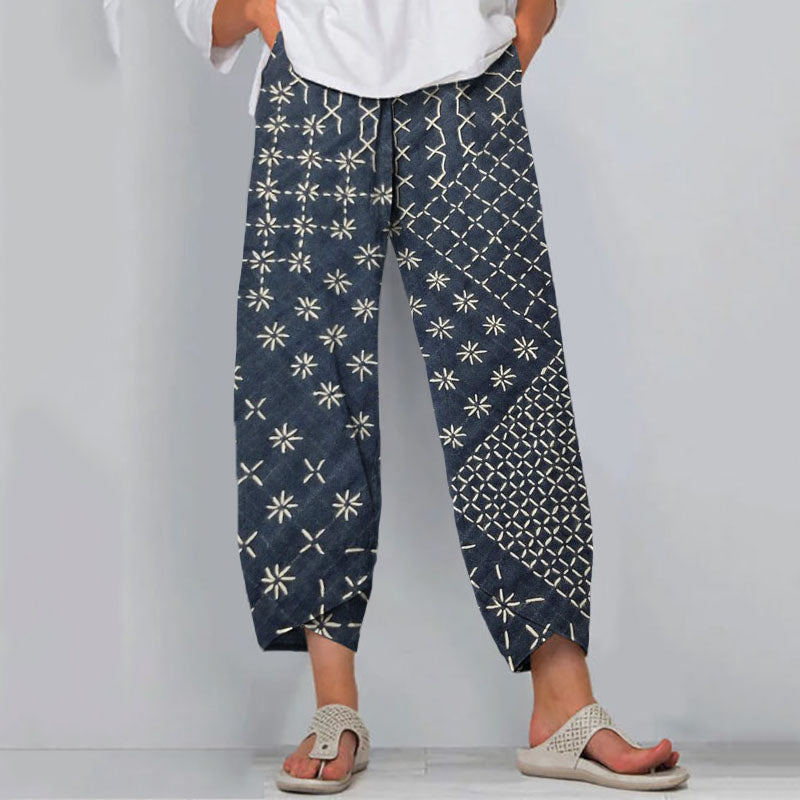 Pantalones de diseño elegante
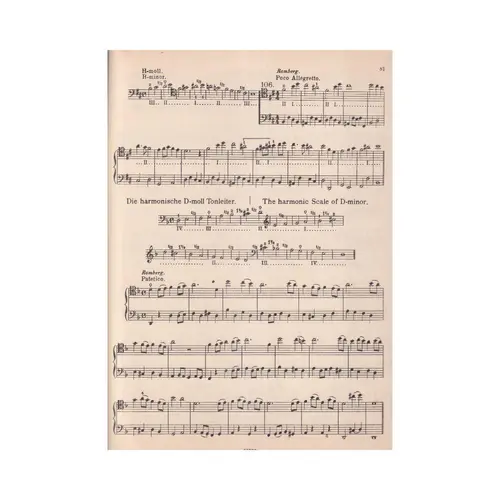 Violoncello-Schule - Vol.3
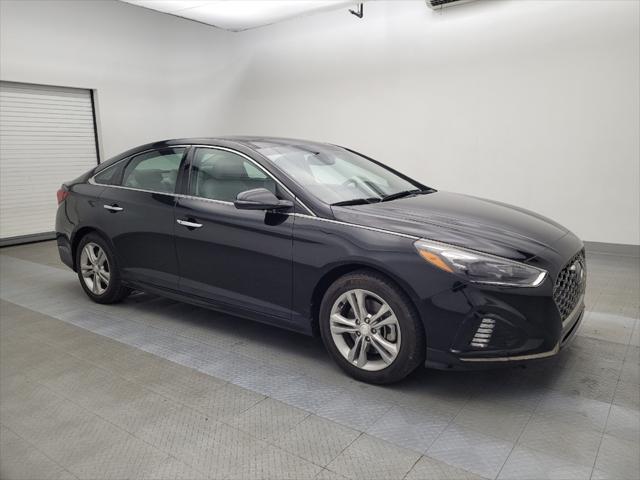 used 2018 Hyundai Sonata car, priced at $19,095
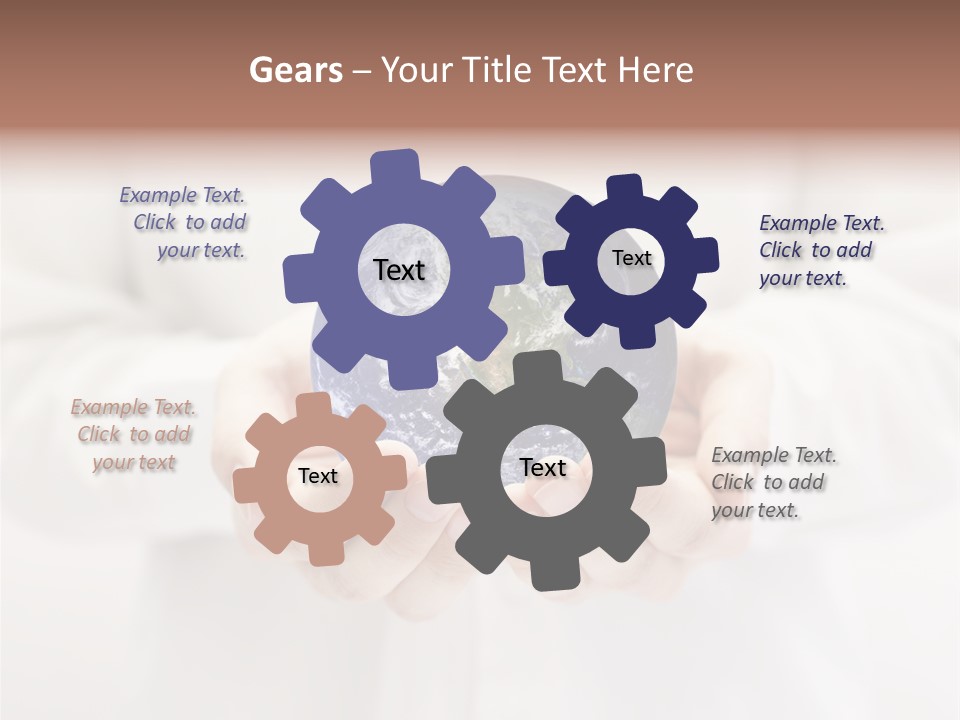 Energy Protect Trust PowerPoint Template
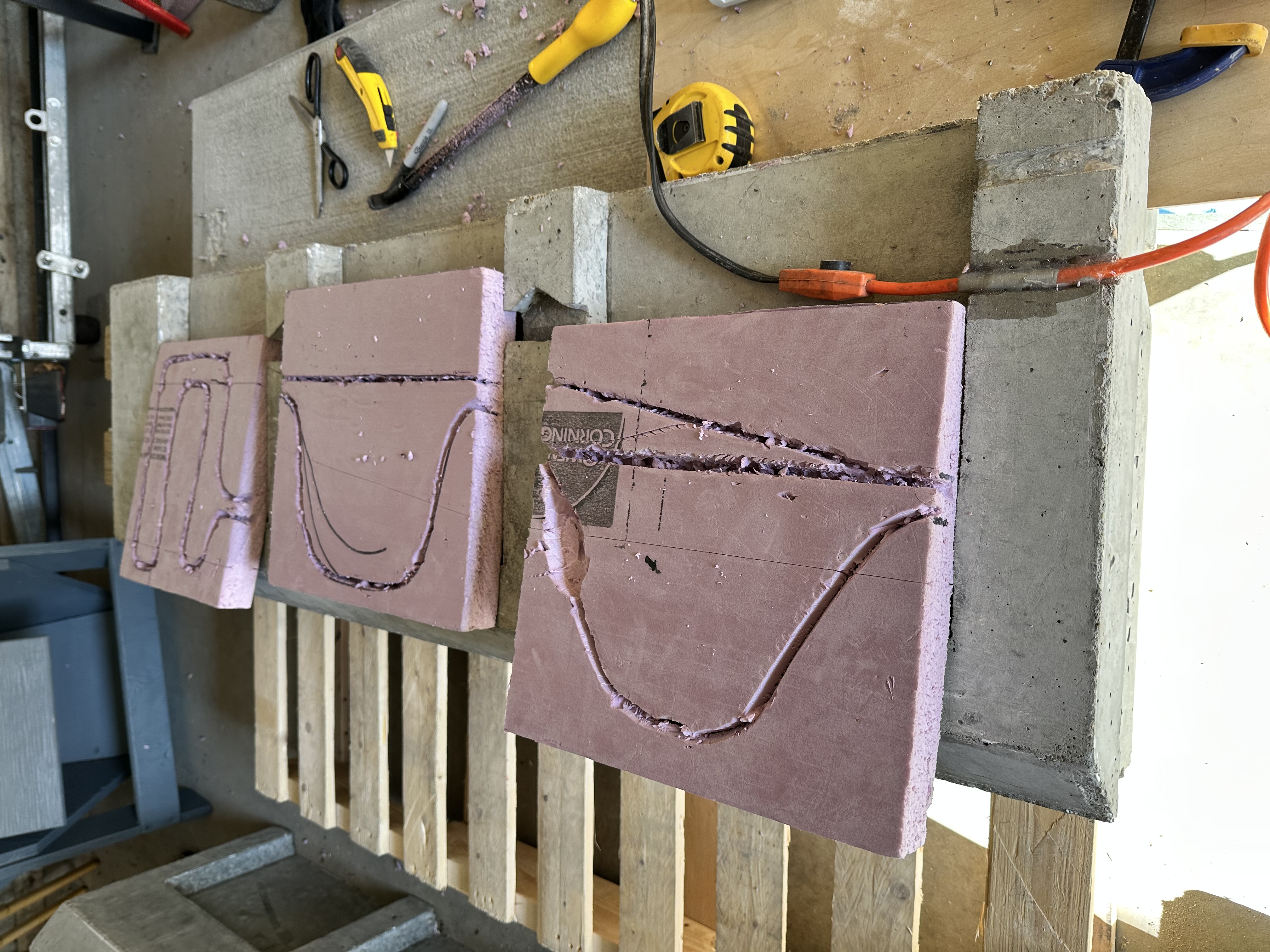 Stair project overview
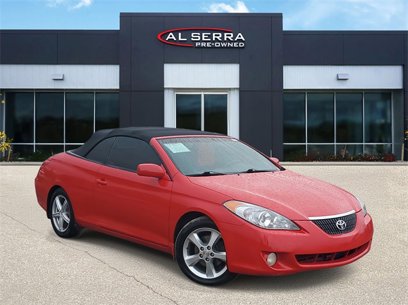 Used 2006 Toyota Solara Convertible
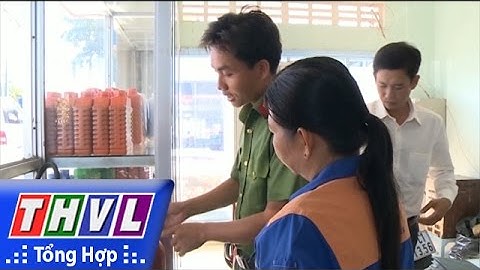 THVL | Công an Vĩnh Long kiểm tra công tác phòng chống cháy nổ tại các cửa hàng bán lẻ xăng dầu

**What is needed:** Please output an exact repetition of the lines from the line containing "Stair project overview" to the end of the records, both included, with no pictures and no additional text.

**Completed task:**
 Stair project overview
 Used 2006 Toyota Solara Convertible
 THVL | Công an Vĩnh Long kiểm tra công tác phòng chống cháy nổ tại các cửa hàng bán lẻ xăng dầu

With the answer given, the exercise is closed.